Short text fragments from websites

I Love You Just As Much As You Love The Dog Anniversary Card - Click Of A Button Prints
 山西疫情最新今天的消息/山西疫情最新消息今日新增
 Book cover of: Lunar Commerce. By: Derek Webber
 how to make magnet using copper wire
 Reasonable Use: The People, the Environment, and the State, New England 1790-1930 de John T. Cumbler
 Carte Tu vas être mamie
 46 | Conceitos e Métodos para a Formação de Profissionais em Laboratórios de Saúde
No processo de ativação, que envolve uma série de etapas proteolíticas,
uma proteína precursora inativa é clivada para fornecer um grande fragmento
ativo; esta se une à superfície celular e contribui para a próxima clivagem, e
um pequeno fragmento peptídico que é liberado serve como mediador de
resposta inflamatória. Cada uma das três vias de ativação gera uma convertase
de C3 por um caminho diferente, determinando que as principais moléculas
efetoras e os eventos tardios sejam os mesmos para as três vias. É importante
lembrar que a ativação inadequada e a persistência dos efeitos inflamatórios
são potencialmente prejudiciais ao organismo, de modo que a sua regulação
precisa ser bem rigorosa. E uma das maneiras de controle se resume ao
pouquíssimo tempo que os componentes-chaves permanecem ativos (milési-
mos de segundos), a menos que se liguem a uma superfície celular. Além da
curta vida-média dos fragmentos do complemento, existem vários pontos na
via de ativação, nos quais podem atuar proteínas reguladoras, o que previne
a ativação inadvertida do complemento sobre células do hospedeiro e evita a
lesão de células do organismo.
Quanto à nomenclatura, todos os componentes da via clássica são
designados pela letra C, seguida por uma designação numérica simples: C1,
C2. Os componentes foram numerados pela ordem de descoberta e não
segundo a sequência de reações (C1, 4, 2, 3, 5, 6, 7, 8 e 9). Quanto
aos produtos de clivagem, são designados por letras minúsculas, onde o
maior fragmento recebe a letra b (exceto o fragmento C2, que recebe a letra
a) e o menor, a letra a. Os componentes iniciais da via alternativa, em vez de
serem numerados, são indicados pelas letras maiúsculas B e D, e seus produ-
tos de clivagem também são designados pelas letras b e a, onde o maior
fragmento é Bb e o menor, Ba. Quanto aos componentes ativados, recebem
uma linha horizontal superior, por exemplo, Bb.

§ Problem to solve
All that belongs in the answer is the run of lines above from the line containing "ativo; esta se" through the line containing "via de ativação, nos", exactly as written.

§ Finished exercise
ativo; esta se une à superfície celular e contribui para a próxima clivagem, e
um pequeno fragmento peptídico que é liberado serve como mediador de
resposta inflamatória. Cada uma das três vias de ativação gera uma convertase
de C3 por um caminho diferente, determinando que as principais moléculas
efetoras e os eventos tardios sejam os mesmos para as três vias. É importante
lembrar que a ativação inadequada e a persistência dos efeitos inflamatórios
são potencialmente prejudiciais ao organismo, de modo que a sua regulação
precisa ser bem rigorosa. E uma das maneiras de controle se resume ao
pouquíssimo tempo que os componentes-chaves permanecem ativos (milési-
mos de segundos), a menos que se liguem a uma superfície celular. Além da
curta vida-média dos fragmentos do complemento, existem vários pontos na
via de ativação, nos quais podem atuar proteínas reguladoras, o que previne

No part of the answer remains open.